Monday, November 26, 2007

Stakeholder Theory

One of the most influential ideas on modern business has been the stakeholder theory of the corporation, first proposed by William E. Evan and R. Edward Freeman in 1988.

Their idea was to replace the view that a firm has a primary obligation to its shareholders with the view that a corporation has a responsibility to every group affected by its actions. Evan and Freeman called these groups "stakeholders," and they included suppliers, customers, employees, stockholders, and the local community.

Far more than simply saying that a firm must be legally responsible for its actions, stakeholder theory gives these various groups legal claims on the resources of the firm, and powerful roles to play in its governance. Stakeholder terminology has been rapidly adopted by individuals and organizations that want to appear socially responsible, democratic, or progressive.

But before we make stakeholder theory the new norm for corporate governance, we should ask the questions: Is stakeholder theory logical?

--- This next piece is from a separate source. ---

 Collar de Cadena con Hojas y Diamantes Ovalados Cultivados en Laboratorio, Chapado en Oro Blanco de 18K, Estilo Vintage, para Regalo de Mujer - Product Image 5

Is it possible to successfully run a firm using these ideas?

In a word, the answer to both questions is "No."

Stakeholder theory does not work because every decision quickly becomes political. First, it gives one group of people the privilege to control something owned by another group. Then, in a world where everyone has an equal claim on the resources of a third party, someone unequal must decide the outcome of competing and irreconcilable claims. That someone is almost always the state.

For example, if one group wants a plant to stay open because it fears rising unemployment, and another group wants the plant closed because it fears environmental degradation, who or what shall decide? Someone must, in the chilling words of Freeman, decide what is "in the interest of the collective." In a world ruled by the rights of owners, owners would decide. In a world ruled by the equal claims of all, only the government can decide.

If you want to see what a world looks like when it is run according to stakeholder theory, look at the defunct USSR. The picture that accompanies this post was taken during the collectivization campaign in the USSR during the 1930s. The slogan reads: "We kolkhoz farmers, on the basis of complete collectivization, will liquidate the kulaks as a class."

The kulaks were farmers who owned their own property. The kolkhoz were the stakeholders who claimed it, in the interest of the collective.

At its heart, stakeholder theory is a naive intuition about the way people should live, not a realistic version of the way they actually do. It is a diluted version of the old collectivist dream, dressed up for Western business schools, but as dangerous as ever.